Prompt -
Go through the entries below and work out how many lines include "Used"; give only that number.

——

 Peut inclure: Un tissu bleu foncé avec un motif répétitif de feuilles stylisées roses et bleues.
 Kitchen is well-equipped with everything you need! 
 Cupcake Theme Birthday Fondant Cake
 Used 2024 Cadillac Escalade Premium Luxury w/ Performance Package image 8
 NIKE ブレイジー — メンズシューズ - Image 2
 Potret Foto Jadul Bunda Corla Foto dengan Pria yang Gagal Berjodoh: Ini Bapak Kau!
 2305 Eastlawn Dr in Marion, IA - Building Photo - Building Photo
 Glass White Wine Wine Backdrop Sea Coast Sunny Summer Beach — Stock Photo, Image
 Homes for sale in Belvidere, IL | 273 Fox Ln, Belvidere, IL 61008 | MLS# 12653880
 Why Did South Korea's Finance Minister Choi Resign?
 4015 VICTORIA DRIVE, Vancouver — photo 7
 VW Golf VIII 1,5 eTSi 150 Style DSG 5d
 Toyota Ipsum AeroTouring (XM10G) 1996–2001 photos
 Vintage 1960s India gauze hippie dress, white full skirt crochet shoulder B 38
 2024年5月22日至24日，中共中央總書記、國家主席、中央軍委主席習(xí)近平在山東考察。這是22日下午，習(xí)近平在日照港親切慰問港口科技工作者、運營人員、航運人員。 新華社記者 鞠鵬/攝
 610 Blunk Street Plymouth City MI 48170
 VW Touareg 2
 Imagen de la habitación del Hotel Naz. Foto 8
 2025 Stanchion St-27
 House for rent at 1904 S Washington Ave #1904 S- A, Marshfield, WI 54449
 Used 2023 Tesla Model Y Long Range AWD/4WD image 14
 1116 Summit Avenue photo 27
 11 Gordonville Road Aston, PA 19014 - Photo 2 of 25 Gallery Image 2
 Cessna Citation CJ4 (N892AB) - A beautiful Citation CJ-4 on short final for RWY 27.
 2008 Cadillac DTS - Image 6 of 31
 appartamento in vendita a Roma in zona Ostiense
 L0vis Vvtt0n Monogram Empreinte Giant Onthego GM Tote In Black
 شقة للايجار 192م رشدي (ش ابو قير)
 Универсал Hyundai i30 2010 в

——

Solution for this problem -
2